Suite bergamasque, L82
The Suite bergamasque has always been a favourite of mine, ever since I first played it at the age of fourteen. Its third movement is Debussy’s biggest hit, Clair de lune, but the rest is also very atmospheric and it makes a wonderful whole. It was written fifteen years before it was published in 1905, by which time Debussy’s style had changed considerably. He thus insisted on writing the date 1890 on the title page. The whole set went through many revisions and even changes of titles—Clair de lune first being called Promenade sentimentale (a good thing he changed it!), and the final Passepied starting life as Pavane.

With three movements having titles borrowed from the Baroque, it might be thought that the main influence of this suite was the music of that period—especially that of Couperin and Rameau for whom Debussy had the greatest admiration and from whom he liked to trace his musical lineage. However the biggest clue lies rather in the adjective ‘bergamasque’. This links it to the world of the Commedia dell’arte and also to the poet Verlaine, whose poem Clair de lune alludes to ‘masques et bergamasques’ and an idyllic Arcadia (Debussy set this poem twice to music). Verlaine’s cycle, Fêtes galantes, was in turn inspired by the elegant and frivolous world portrayed by the painter Jean-Antoine Watteau.

The opening Prélude is marked Moderato (tempo rubato), and it is important to give it the requested rhythmic freedom. Debussy, like most French composers, insisted on being faithful to his score, but realized that after exactitude comes talent. It has some beautiful changes of colour, and a great sense of space. There is an almost direct quote from Fauré’s setting of Clair de lune in bar 33. The Menuet requires good contrast between the staccato and legato touches as well as the ability to create a fanciful mood. The long sustained passage of fifteen bars before the coda has a great sense of sweep and should be played as one continuous line.

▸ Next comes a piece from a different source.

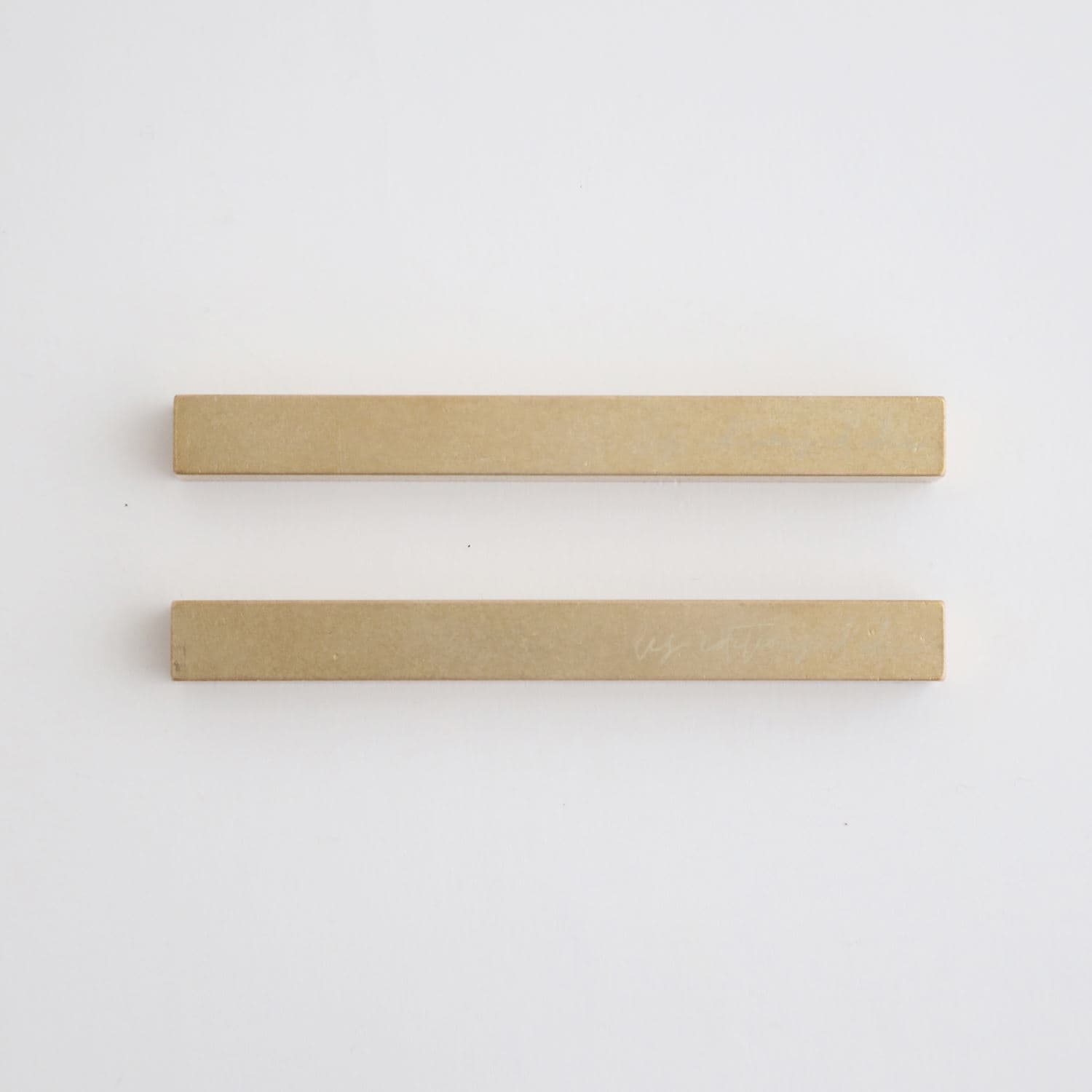 ［ＩＤＥＥ］ａｃｔｕｅｌ　ｍｅｔａｌ　真鍮箸置き　ロング　ペア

What would Debussy say if he knew his Clair de lune had been used in the soundtrack of at least fourteen major films and even in a TV commercial for Lexus automobiles (mutilated beyond belief)? It made him mad enough to be labelled an ‘Impressionist’ composer. Of all the pieces recorded here, you could probably apply that adjective most appropriately to this masterpiece, yet it still doesn’t seem quite right. I prefer how the French pianist Jacques Février described it: ‘The first to date of the great sonorous landscapes of Debussy.’ Its hushed stillness at the beginning is almost unbearably beautiful. Thinking how to interpret it, I am reminded of what Debussy said about metronome marks and why he so rarely used them: that they are all right for one bar, ‘like roses for the span of a morning’. Debussy told the pianist Maurice Dumesnil to use a general flexibility in this piece, and not to confuse the harmonies by using too much pedal. The harmony in fact is the melody here—it is not just a pretty tune. The C flat that is introduced the last time the theme appears must pierce us with its feeling of regret.

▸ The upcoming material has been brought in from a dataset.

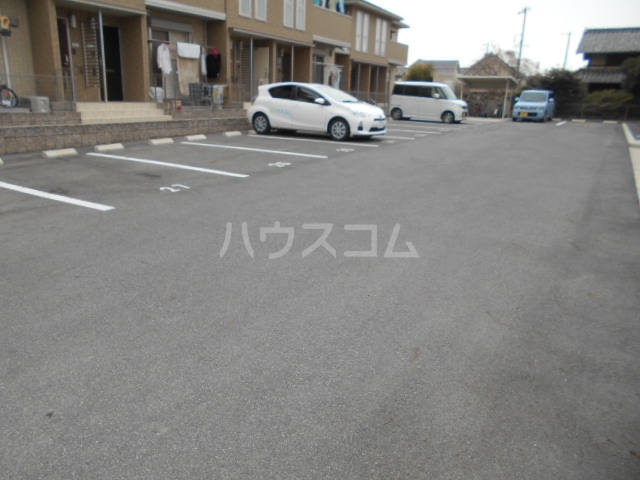 20/24 駐車場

The Passepied is not at all in the standard Baroque metre for this dance (3/8), but it does bring us back to the aristocratic, noble colour of the other movements. Its main difficulty lies in playing the left hand staccato while phrasing the right hand (similar to Chabrier’s Idylle and Reynaldo Hahn’s song Quand je fus pris au pavillon). Debussy evidently held back this work from the publishers for months because he wasn’t happy with the last few bars. I think he finally got them perfect.